Return the line containing "Bulls Versus Blazers" and every line after it through the end of the entries below, with no other lines.

Dataset records:
--------------------

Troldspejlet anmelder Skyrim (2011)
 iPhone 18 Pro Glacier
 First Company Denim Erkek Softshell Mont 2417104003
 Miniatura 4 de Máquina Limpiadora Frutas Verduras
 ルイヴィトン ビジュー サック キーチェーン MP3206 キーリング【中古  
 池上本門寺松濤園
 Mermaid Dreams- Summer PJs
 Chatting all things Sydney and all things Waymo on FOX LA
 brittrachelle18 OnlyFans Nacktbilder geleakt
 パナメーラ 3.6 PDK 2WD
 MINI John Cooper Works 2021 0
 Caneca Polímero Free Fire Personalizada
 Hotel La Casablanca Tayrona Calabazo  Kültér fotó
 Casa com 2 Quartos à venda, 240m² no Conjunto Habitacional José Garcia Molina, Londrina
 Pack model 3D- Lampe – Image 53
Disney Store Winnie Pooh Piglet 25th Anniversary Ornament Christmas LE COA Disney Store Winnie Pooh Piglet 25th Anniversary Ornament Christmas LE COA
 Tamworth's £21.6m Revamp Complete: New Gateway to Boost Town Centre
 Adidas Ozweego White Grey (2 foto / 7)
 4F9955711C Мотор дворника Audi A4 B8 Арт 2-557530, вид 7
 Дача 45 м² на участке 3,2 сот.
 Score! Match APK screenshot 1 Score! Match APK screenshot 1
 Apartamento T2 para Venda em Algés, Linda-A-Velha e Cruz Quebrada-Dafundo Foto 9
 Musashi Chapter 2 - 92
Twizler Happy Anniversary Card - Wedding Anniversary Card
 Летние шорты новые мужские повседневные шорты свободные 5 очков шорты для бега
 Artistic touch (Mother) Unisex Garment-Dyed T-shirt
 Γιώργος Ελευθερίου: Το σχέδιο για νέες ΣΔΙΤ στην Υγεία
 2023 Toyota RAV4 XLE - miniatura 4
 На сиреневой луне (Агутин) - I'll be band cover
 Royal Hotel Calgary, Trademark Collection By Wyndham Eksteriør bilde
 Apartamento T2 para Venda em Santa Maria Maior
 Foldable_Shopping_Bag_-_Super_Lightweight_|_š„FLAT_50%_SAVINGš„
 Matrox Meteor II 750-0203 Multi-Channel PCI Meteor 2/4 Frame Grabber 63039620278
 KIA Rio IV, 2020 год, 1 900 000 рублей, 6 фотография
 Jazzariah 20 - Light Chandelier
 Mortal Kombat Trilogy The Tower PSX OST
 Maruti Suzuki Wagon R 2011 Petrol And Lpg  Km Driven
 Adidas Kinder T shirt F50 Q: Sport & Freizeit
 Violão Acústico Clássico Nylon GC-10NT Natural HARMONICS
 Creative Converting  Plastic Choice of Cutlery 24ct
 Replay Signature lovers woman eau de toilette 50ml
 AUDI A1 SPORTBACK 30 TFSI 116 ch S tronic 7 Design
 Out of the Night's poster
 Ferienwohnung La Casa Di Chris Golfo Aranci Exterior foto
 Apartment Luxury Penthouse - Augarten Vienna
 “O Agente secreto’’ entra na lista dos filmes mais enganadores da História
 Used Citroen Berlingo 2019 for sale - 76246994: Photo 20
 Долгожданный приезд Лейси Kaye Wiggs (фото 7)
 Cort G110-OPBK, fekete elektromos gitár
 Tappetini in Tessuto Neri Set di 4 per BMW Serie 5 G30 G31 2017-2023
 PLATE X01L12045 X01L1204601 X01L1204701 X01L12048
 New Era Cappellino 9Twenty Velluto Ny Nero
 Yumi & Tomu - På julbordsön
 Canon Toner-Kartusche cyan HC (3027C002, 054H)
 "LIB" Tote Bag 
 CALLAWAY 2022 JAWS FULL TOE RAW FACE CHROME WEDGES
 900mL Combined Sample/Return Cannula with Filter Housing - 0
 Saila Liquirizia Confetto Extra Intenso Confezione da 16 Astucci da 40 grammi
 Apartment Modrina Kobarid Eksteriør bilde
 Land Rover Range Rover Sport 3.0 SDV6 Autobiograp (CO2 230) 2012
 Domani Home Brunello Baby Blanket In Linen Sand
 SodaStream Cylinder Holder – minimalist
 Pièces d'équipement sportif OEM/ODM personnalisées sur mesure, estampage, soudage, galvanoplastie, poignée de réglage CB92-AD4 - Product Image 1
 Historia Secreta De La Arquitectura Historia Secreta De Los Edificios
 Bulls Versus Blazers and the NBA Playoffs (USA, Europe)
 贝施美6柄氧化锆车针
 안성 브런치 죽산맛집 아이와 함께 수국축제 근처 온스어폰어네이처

--------------------

# Solution for this exercise:
 Bulls Versus Blazers and the NBA Playoffs (USA, Europe)
 贝施美6柄氧化锆车针
 안성 브런치 죽산맛집 아이와 함께 수국축제 근처 온스어폰어네이처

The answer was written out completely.